What the exercise asks: Starting at the line that contains "Piana · 诺悠翩雅❗️【贸易公司尾单，极品山羊绒围巾披肩】送人自留都太高大上了😍重磅上", print each line exactly through the end of the listing. Skip any pictures and add nothing.

Records supplied:

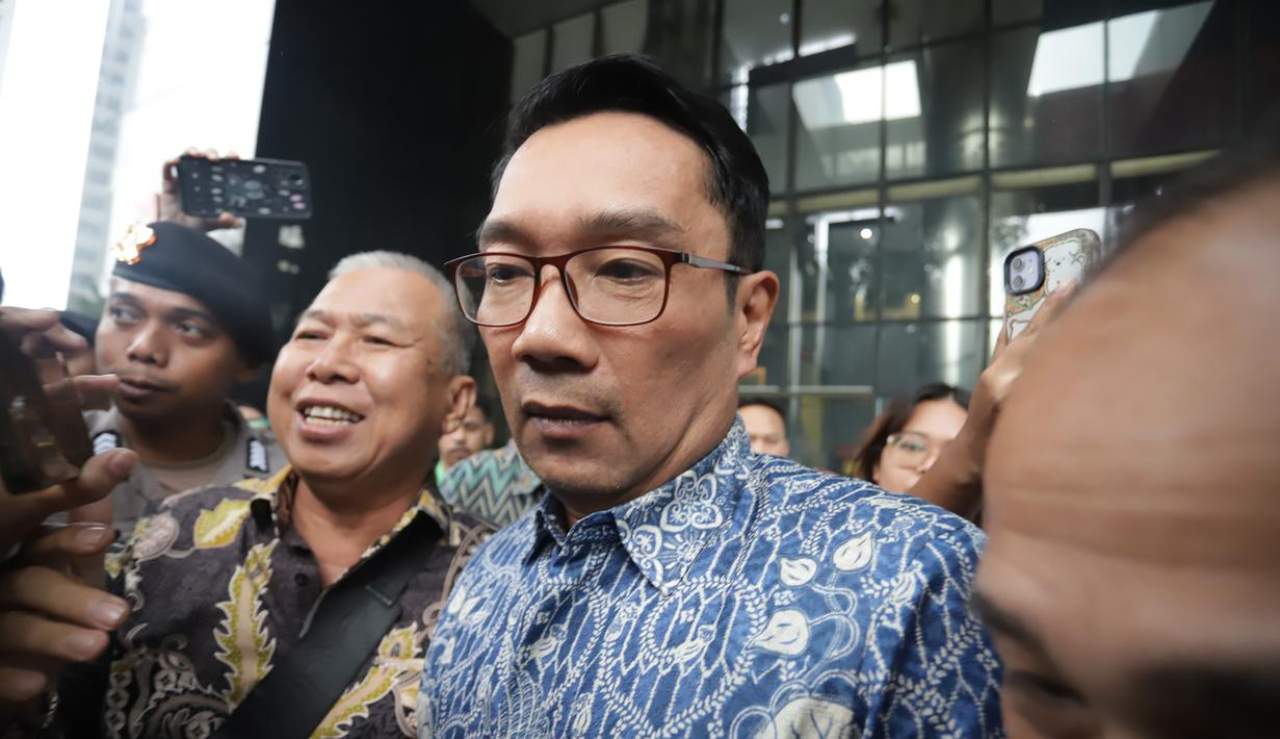 Mantan Gubernur Jawa Barat Ridwan Kamil usai memenuhi pemeriksaan panggilan penyidik KPK, di Gedung KPK, Jakarta, Selasa (2/12/2025).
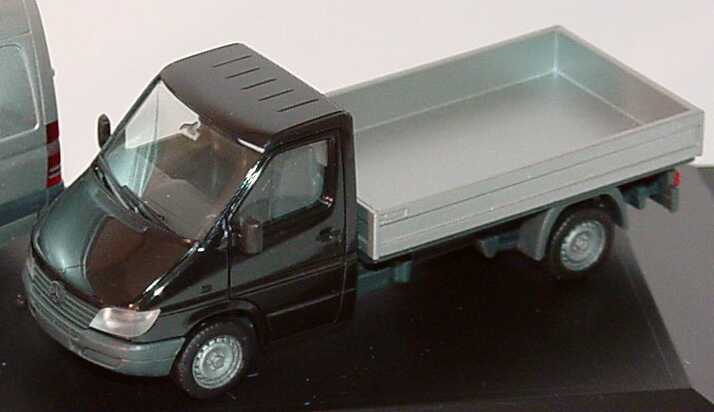 Foto 1:87 Mercedes-Benz Set-Packung Evolution hat ihre Standards. Der Sprinter, das Original von Mercedes-Benz (Sprinter 2006 Kasten silber + Sprinter 2000 Pritsche schwarz) Werbemodell herpa B66000766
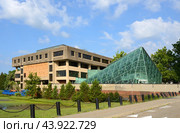 State University of New York at New Paltz (SUNY New Paltz), public university. Student Union Building, Atrium on summer sunny day (2014 год). Редакционное фото, фотограф Валерия Попова / Фотобанк Лори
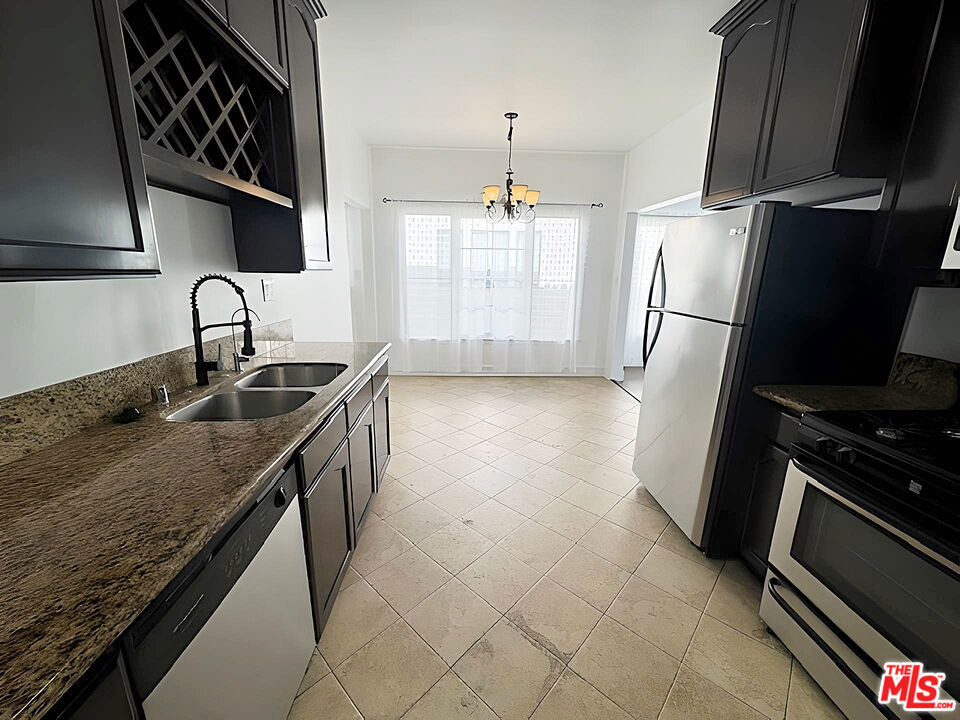 1525 1/2 S Orange Grove Avenue - Photo 8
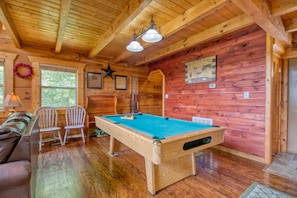 Spielezimmer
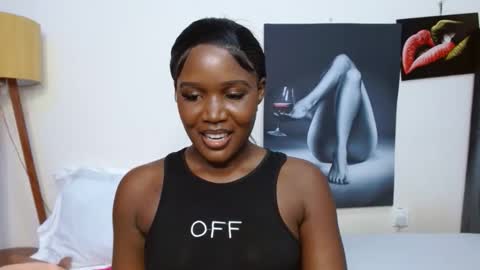 Smiley sylivia online show from December 16, 7:26 am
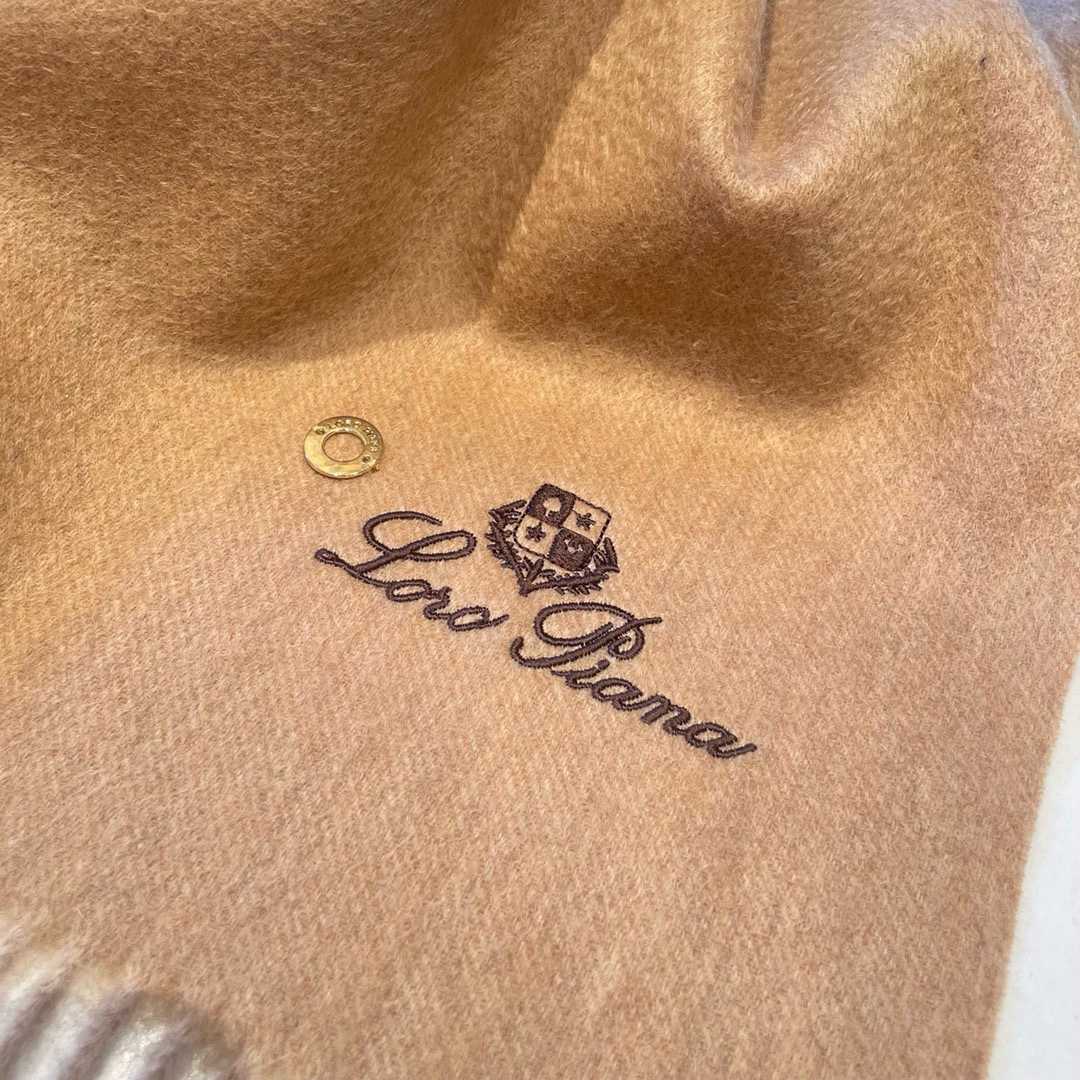 🆕Loro Piana · 诺悠翩雅❗️【贸易公司尾单，极品山羊绒围巾披肩】送人自留都太高大上了😍重磅上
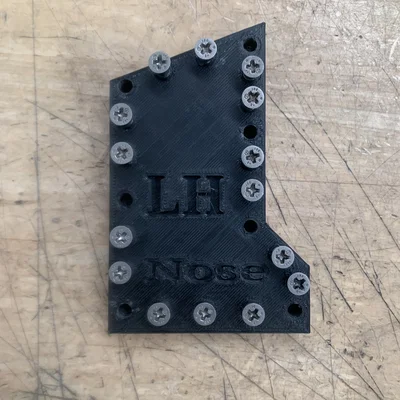 Bảng giữ ốc cánh mũi phía trái (LH) cho máy bay Cirrus Vision Jet SF50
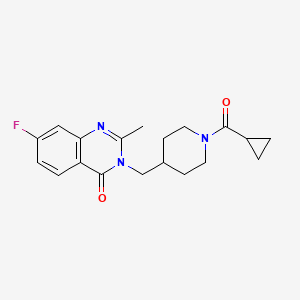 molecular formula C19H22FN3O2 B2457960 3-[[1-(Cyclopropanecarbonyl)piperidin-4-yl]methyl]-7-fluoro-2-methylquinazolin-4-one CAS No. 2415510-50-6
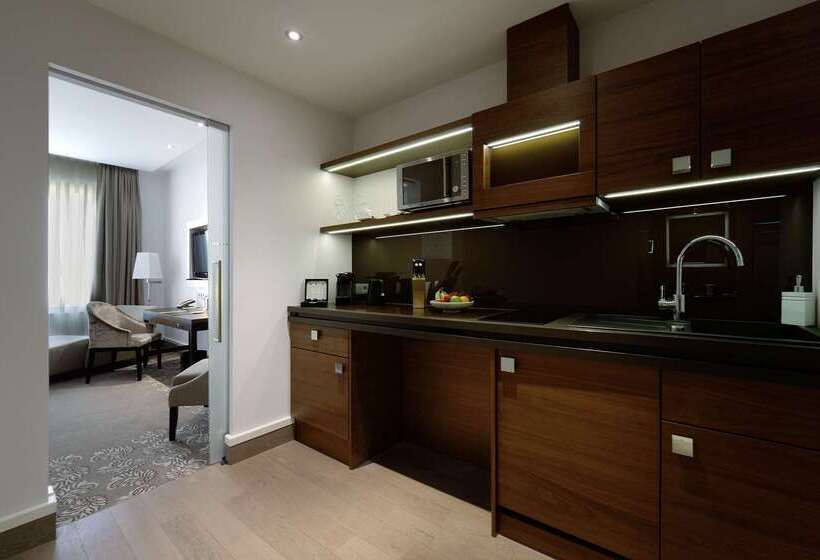 هتل Maximilian’s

Result of this task:
 🆕Loro Piana · 诺悠翩雅❗️【贸易公司尾单，极品山羊绒围巾披肩】送人自留都太高大上了😍重磅上
 Bảng giữ ốc cánh mũi phía trái (LH) cho máy bay Cirrus Vision Jet SF50
 molecular formula C19H22FN3O2 B2457960 3-[[1-(Cyclopropanecarbonyl)piperidin-4-yl]methyl]-7-fluoro-2-methylquinazolin-4-one CAS No. 2415510-50-6
 هتل Maximilian’s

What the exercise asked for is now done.